The bathing season in Ireland, is designated as being from 1st June to 15th September each year. From 2014 onwards bathing water compliance requires assessments to be undertaken using a statistical methodology using data covering a four year period as opposed to previous annual assessments based on percentage compliance.
Bathing areas are currently classified in one of four categories namely ‘Excellent’, ‘Good’, ‘Sufficient’ or ‘Poor’. The mandatory requirement is for ‘Sufficient’ quality. Any waters graded as ‘Poor’ require that management measures be put in place to identify and eliminate the sources of pollution.

The 142 identified bathing waters are either coastal or inland waters, widely used by the public for bathing and are monitored, managed and assessed under the requirements of the 2008 Bathing Water Quality Regulations.

  • Nearly three quarters of Ireland’s bathing waters are of ‘Excellent’ quality, however seven of our beaches failed to make the grade.
  • Some 93% of identified bathing waters (or 132 of 142), have met minimum EU standards.
  • Almost three quarters of bathing waters (or 102 of 142), were classified as ‘Excellent’, while a further 18 were classified as ‘Good’.
  • Seven coastal bathing waters failed to meet the minimum mandatory standard and were classified as ‘Poor’. Five of these are in the Co. Dublin area (Sandymount and Merrion Strands, Loughshinny, Portrane and Rush South). The other two were in Co. Galway at Ballyloughane and Clifden.
  • Trá na BhForbacha improved and moved from ‘Poor’ to ‘Sufficient’ quality in 2017.
  • Three other beaches also showed improved performance in 2017.

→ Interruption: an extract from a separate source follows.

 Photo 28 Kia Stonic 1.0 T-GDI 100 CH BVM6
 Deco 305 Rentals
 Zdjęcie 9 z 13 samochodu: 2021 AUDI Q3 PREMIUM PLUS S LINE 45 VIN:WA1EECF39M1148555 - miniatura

16th May 2018: An Environmental Protection Agency (EPA) report, [Bathing Water Quality in Ireland 2017], has found that the overall quality of Ireland’s bathing waters remains good with 132 of 142 identified waters meeting strict EU standards. These standards provide a high level of protection for bathers. Nearly three quarters of bathing waters were classed as ‘excellent’ with 102 beaches and bathing waters meeting the standard – the same number as in 2016. However, seven coastal bathing waters failed to meet the minimum standard and are classified as poor.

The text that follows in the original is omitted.